------ Entries supplied
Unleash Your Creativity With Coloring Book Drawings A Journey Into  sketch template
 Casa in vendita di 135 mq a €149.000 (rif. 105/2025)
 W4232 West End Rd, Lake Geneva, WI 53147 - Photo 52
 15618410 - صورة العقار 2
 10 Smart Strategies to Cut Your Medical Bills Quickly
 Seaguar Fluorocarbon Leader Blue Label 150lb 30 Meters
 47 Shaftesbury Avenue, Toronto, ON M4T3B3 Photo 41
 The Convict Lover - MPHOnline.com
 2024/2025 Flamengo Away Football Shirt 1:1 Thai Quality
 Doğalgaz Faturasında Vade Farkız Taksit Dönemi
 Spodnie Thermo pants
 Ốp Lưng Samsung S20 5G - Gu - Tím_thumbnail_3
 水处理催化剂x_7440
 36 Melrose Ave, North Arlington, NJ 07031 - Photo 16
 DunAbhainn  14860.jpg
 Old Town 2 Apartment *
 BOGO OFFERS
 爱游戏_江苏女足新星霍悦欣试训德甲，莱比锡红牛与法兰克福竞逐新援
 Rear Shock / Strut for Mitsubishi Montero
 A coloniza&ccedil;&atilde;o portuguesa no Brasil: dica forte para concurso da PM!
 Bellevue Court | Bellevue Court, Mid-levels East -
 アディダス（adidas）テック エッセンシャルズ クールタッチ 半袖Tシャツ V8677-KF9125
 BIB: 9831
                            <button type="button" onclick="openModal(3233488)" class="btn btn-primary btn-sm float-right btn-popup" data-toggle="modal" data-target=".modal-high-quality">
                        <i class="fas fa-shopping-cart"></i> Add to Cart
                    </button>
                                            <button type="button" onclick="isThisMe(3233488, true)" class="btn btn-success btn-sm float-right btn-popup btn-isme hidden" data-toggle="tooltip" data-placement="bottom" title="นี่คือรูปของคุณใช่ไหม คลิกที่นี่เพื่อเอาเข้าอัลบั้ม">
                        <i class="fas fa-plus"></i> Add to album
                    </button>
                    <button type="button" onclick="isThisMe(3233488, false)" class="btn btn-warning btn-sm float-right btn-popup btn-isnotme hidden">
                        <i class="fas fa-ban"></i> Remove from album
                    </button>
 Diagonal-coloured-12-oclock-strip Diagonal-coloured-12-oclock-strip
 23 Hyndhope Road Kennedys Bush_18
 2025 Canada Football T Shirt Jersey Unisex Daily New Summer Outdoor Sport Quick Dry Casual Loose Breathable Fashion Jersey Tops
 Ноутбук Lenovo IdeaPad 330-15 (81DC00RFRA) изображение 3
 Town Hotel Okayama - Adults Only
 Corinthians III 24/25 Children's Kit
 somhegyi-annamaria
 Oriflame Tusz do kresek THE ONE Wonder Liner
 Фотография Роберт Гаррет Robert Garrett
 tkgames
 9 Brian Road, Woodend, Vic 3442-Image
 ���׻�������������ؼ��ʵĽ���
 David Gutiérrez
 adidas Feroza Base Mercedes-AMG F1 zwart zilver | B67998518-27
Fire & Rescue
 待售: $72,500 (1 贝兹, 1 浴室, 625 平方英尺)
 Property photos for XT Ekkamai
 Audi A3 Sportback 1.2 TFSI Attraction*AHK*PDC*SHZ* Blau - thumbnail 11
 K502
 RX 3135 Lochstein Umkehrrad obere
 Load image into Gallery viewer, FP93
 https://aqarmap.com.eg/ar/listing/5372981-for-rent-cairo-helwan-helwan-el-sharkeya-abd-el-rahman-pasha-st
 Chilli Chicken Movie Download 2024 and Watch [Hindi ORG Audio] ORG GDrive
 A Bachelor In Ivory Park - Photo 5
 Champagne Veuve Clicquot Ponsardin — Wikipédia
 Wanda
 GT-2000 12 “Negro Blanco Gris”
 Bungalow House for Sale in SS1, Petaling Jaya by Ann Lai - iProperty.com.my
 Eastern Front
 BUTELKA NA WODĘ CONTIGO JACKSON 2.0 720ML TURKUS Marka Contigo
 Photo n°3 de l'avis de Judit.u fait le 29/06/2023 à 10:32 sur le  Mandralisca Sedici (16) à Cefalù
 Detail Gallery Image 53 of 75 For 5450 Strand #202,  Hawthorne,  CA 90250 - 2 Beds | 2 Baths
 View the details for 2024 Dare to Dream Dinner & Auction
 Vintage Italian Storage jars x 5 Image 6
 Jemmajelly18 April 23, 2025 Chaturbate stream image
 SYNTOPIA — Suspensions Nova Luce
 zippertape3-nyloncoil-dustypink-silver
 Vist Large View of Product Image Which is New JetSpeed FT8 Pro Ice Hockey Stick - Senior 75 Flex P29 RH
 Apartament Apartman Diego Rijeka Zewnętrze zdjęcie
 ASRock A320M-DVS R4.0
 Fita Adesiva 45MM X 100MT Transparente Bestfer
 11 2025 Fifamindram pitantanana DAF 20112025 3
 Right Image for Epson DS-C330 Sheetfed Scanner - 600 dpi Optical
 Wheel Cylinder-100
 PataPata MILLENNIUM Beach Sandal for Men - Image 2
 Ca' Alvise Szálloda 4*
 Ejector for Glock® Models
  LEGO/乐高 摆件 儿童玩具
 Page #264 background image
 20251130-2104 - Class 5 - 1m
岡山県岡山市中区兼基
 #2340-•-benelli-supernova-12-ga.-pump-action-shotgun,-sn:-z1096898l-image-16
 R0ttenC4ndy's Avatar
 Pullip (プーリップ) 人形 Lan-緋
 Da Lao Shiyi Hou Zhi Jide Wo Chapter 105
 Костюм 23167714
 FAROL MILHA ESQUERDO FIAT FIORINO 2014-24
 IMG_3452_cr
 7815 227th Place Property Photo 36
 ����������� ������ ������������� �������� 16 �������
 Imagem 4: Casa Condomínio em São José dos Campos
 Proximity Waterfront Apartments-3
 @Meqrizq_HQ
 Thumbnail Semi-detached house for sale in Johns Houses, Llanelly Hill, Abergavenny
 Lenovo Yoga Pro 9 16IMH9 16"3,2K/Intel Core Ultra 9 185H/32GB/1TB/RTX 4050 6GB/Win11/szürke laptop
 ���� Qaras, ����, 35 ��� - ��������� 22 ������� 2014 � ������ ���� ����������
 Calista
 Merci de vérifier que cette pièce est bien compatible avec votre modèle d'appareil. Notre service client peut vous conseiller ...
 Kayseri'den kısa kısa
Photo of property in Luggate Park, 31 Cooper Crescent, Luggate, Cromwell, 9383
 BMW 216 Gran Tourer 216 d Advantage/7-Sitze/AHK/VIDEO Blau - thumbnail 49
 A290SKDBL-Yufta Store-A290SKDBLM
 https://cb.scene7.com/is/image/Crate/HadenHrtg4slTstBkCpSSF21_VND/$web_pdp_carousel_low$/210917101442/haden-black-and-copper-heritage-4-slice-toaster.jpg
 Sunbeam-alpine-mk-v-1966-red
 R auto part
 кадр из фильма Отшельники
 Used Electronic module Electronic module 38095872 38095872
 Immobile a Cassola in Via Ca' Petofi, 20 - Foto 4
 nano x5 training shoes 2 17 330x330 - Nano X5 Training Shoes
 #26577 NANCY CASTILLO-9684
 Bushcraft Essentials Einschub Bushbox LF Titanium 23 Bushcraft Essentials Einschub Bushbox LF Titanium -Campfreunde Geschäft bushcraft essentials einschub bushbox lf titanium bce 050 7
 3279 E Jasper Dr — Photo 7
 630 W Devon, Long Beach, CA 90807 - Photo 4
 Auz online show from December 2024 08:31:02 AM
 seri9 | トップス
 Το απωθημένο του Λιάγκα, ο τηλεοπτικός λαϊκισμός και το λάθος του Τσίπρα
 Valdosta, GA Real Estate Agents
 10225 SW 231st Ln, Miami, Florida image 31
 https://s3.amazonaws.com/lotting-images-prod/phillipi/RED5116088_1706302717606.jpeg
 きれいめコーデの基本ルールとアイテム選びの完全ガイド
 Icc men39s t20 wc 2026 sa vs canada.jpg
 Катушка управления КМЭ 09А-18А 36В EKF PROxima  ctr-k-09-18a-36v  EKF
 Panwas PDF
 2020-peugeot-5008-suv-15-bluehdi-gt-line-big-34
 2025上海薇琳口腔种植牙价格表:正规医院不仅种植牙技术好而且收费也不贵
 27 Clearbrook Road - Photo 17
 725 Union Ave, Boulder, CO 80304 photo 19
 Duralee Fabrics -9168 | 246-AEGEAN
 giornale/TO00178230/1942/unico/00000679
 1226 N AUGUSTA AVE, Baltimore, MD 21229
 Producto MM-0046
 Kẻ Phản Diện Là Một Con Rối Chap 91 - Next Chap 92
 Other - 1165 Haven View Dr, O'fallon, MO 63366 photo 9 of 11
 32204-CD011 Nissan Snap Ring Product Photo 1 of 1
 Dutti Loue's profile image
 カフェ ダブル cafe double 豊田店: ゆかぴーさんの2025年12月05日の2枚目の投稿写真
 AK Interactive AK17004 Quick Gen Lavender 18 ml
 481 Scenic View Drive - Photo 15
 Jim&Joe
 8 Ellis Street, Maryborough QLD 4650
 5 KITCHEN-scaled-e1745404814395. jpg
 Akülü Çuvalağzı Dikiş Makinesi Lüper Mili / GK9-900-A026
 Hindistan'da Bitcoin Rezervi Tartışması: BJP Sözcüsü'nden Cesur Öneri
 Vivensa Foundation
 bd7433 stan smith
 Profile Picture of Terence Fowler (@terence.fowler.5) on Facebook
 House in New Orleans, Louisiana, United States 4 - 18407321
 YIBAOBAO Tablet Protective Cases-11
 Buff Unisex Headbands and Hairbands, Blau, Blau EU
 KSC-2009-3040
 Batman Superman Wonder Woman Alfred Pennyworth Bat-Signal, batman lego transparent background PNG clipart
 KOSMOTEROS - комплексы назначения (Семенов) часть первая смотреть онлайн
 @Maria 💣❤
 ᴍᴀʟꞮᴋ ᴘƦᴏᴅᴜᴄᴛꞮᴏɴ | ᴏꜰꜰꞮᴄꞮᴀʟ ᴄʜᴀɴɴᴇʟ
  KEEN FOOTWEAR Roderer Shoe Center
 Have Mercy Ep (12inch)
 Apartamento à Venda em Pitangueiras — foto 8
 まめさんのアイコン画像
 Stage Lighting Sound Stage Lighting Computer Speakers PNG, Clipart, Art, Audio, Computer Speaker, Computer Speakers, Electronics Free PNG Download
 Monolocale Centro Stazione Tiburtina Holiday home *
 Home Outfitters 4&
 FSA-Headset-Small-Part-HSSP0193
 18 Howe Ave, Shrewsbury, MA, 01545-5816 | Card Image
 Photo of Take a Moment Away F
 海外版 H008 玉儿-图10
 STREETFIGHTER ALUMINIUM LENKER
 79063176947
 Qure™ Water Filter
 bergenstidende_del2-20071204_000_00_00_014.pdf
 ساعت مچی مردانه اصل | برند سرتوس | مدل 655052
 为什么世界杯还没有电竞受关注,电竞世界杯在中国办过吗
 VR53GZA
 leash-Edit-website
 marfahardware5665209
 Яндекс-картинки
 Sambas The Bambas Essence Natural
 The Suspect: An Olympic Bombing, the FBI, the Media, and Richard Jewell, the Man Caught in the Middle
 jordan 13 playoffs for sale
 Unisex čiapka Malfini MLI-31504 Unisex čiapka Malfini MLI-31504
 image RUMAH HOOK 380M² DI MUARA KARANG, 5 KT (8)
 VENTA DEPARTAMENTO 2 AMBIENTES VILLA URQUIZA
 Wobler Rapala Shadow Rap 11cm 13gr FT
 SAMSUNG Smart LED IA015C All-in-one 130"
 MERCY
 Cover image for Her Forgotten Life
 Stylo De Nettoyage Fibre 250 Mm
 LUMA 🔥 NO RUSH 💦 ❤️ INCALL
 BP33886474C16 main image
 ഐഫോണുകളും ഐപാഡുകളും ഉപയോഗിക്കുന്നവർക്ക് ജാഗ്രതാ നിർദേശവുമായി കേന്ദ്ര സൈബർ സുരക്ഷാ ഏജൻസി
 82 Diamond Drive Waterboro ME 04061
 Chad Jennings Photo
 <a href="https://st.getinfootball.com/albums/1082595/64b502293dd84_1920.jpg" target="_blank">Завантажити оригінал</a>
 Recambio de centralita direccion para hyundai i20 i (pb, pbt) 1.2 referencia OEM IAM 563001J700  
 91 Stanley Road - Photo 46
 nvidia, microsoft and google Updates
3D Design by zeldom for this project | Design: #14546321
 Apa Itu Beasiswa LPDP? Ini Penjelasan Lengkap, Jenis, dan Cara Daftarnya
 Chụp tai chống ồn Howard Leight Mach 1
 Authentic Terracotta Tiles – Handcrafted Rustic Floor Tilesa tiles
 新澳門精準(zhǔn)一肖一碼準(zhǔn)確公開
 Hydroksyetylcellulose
------------
> _Task to carry out_:
Only one stretch of the data above is needed. Restate it word for word, from the line containing "bd7433 stan smith" through the line containing "まめさんのアイコン画像", both ends included.

> _Output of the task_:
 bd7433 stan smith
 Profile Picture of Terence Fowler (@terence.fowler.5) on Facebook
 House in New Orleans, Louisiana, United States 4 - 18407321
 YIBAOBAO Tablet Protective Cases-11
 Buff Unisex Headbands and Hairbands, Blau, Blau EU
 KSC-2009-3040
 Batman Superman Wonder Woman Alfred Pennyworth Bat-Signal, batman lego transparent background PNG clipart
 KOSMOTEROS - комплексы назначения (Семенов) часть первая смотреть онлайн
 @Maria 💣❤
 ᴍᴀʟꞮᴋ ᴘƦᴏᴅᴜᴄᴛꞮᴏɴ | ᴏꜰꜰꞮᴄꞮᴀʟ ᴄʜᴀɴɴᴇʟ
  KEEN FOOTWEAR Roderer Shoe Center
 Have Mercy Ep (12inch)
 Apartamento à Venda em Pitangueiras — foto 8
 まめさんのアイコン画像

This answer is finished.